» **ABOUT THIS EXERCISE**
Because only the text is wanted, repeat the records below exactly and omit the pictures.

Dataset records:

+-------+

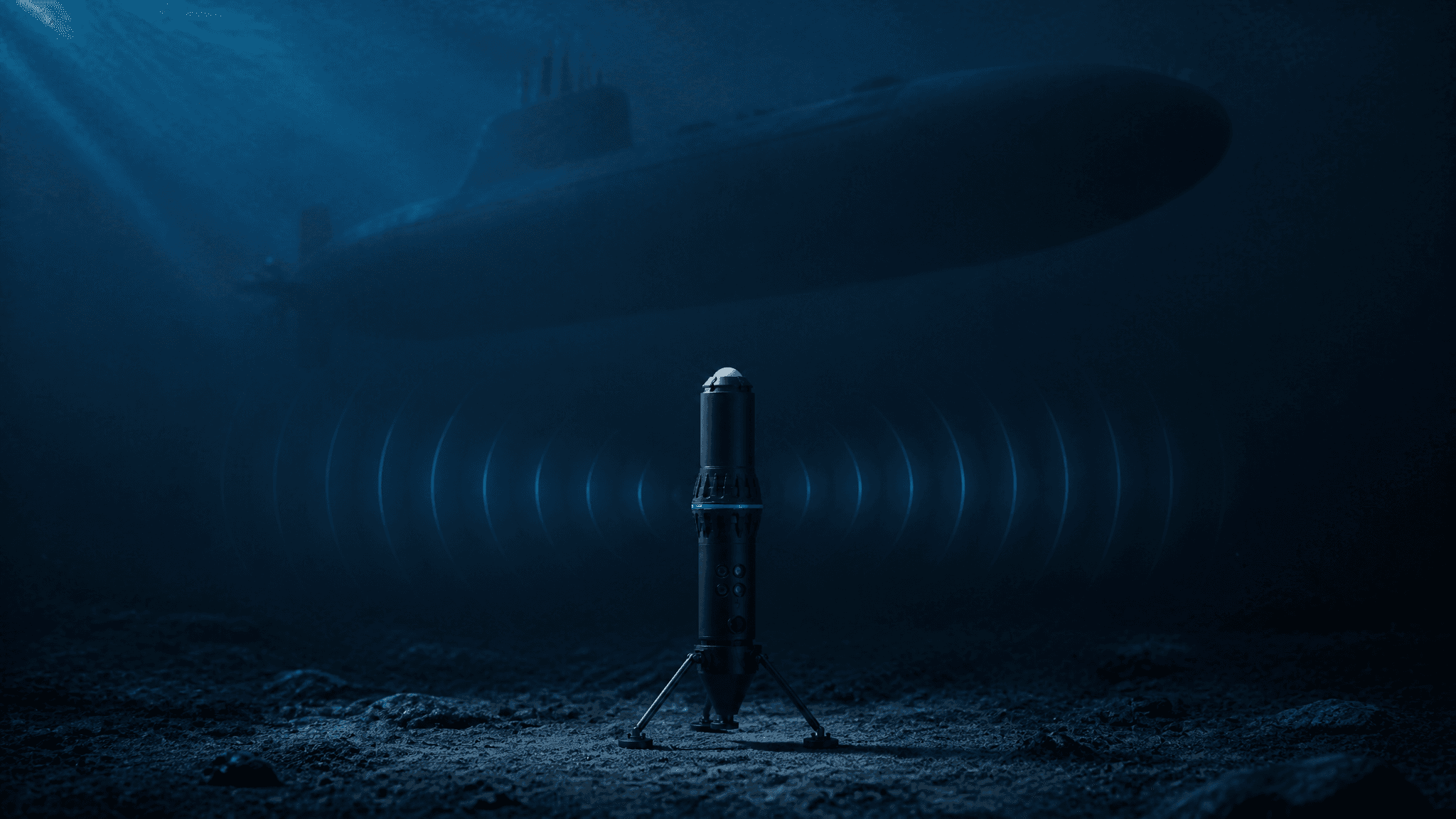 An Argus seabed node detecting a submarine in the water column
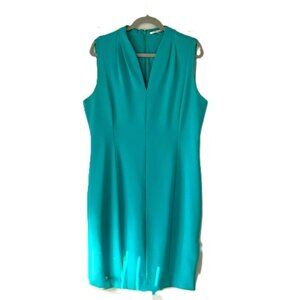 Tahari Teal Sleeveless V-neck Dress Size 16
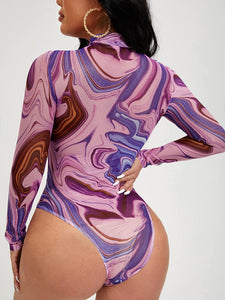 Purple Mesh Long Sleeve Stretch Bodysuit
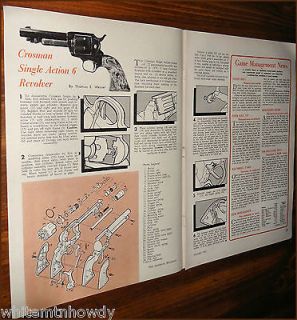 1962 CROSMAN Single 6 REVOLVER Parts List Assembly Article w/Exploded 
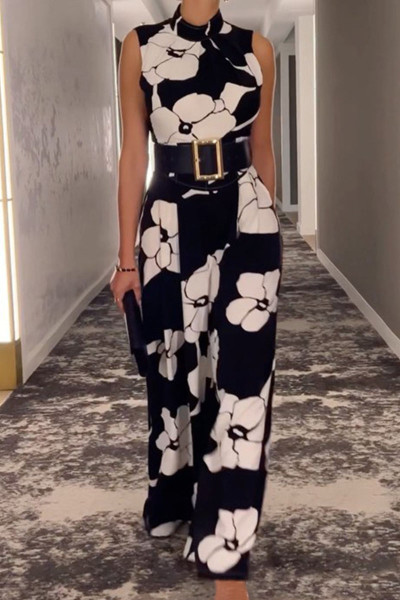 Casual Print Patchwork With Belt O Neck Jumpsuits
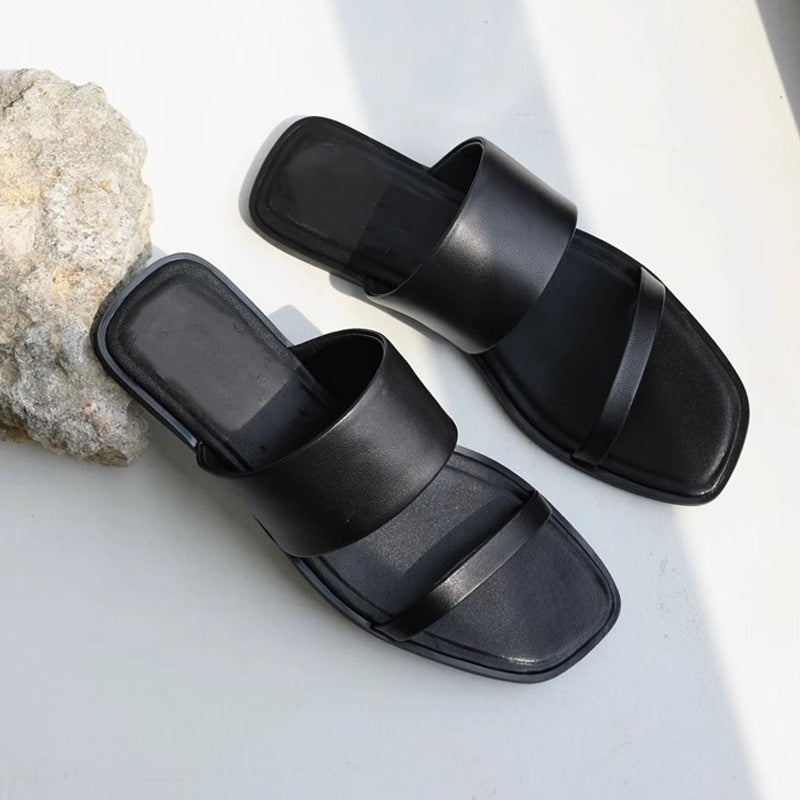 Damen Komfortable Zehentrenner-Sandalen mit breiten Riemen und ergonomischem Fußbett EB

+-------+

» **RESPONSE BOX**
 An Argus seabed node detecting a submarine in the water column
 Tahari Teal Sleeveless V-neck Dress Size 16
 Purple Mesh Long Sleeve Stretch Bodysuit
 1962 CROSMAN Single 6 REVOLVER Parts List Assembly Article w/Exploded 
 Casual Print Patchwork With Belt O Neck Jumpsuits
 Damen Komfortable Zehentrenner-Sandalen mit breiten Riemen und ergonomischem Fußbett EB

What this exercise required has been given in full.